### WHAT IS NEEDED
Reproduce, word for word, the lines in the material below starting with the one that has "UN: Every day, 10" and going on through the one that has "症例NO.71984のAFTER写真". Leave out all pictures.

### TASK INPUT
_ _ _

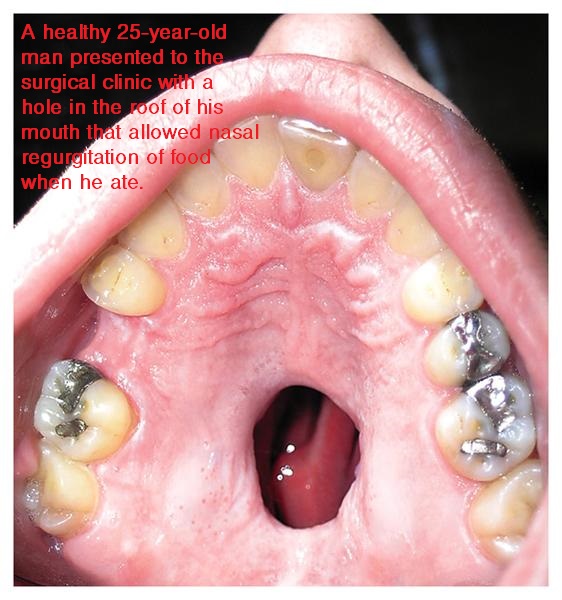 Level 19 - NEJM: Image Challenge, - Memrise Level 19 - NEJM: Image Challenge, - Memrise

_ _ _

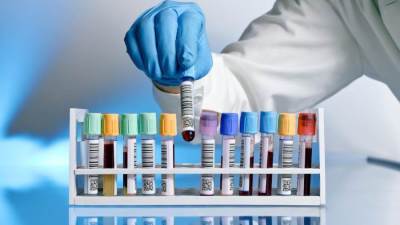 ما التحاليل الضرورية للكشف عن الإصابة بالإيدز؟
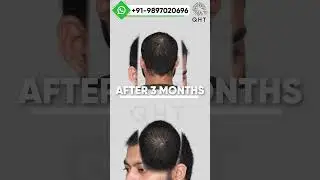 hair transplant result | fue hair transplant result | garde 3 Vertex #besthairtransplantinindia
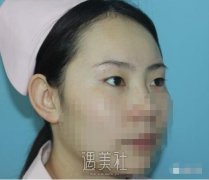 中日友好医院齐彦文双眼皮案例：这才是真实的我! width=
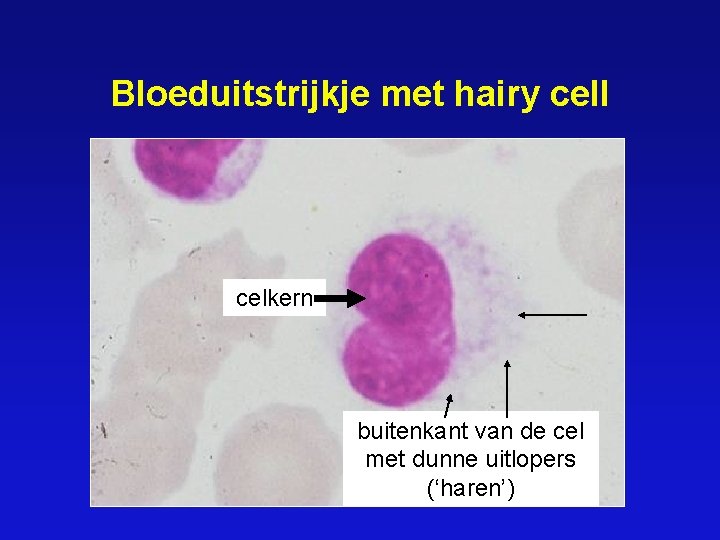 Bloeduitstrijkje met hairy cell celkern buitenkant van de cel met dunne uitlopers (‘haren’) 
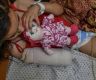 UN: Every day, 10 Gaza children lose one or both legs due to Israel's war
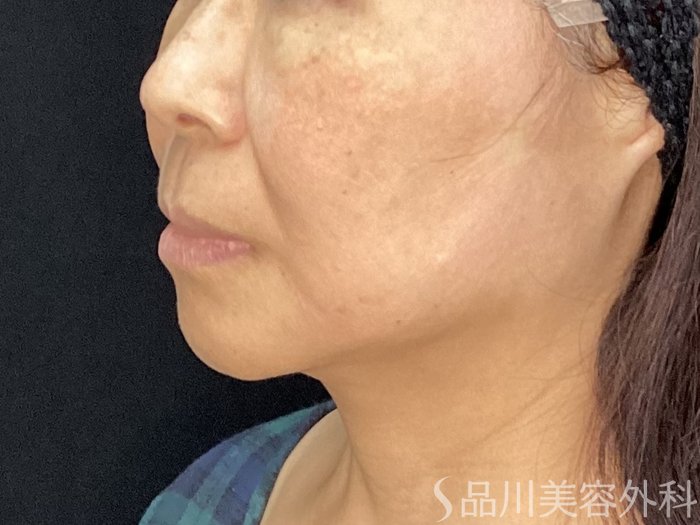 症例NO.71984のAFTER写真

_ _ _

### PROBLEM SOLUTION
 UN: Every day, 10 Gaza children lose one or both legs due to Israel's war
 症例NO.71984のAFTER写真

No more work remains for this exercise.